Sunday, May 30, 2004

Information Literacy as a Liberal Art This is by Jeremy J. Shapiro and Shelley K. Hughes. The subtitle is "Enlightenment proposals for a new curriculum."

From the site:

What does a person need to know today to be a full-fledged, competent and literate member of the information society? As we witness not only the saturation of our daily lives with information organized and transmitted via information technology, but the way in which public issues and social life increasingly are affected by information-technology issues - from intellectual property to privacy and the structure of work to entertainment, art and fantasy life - the issue of what it means to be information-literate becomes more acute for our whole society. Should everyone take a course in creating a Web page, computer programming, TCP/IP protocols or multimedia authoring? Or are we looking at a broader and deeper challenge - to rethink our entire educational curriculum in terms of information?

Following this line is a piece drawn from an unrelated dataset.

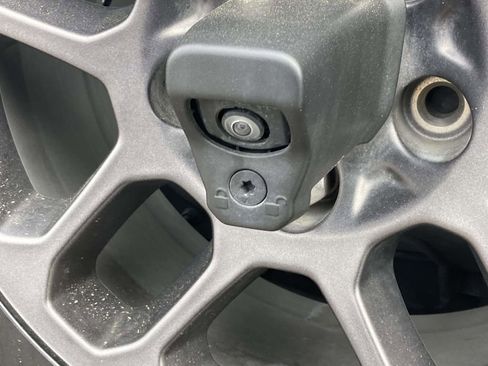 Used 2023 Jeep Wrangler Unlimited Sport AWD/4WD image 12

In responding to these questions, it is useful to return to the 18th-century Enlightenment, when thinkers began to confront the relationship between scientific progress and the emergence of a free society. It is exactly 200 years since the publication of Condorcet's Sketch for a Historical Picture of the Progress of the Human Mind, the Enlightenment's greatest philosophy of history manifesto, written while Condorcet - mathematician, scientist, philosopher, educational reformer, journalist - was in hiding from the Jacobin terror of the French Revolution. In his Sketch, Condorcet told the story of humanity as a story of progress, in which "nature has joined together indissolubly the progress of knowledge and that of liberty, virtue, and respect for the natural rights of man," leading inevitably to humanity's "perfection" and "happiness." Condorcet is relevant to us today because he was attempting to project and plan for the future at a historical turning point.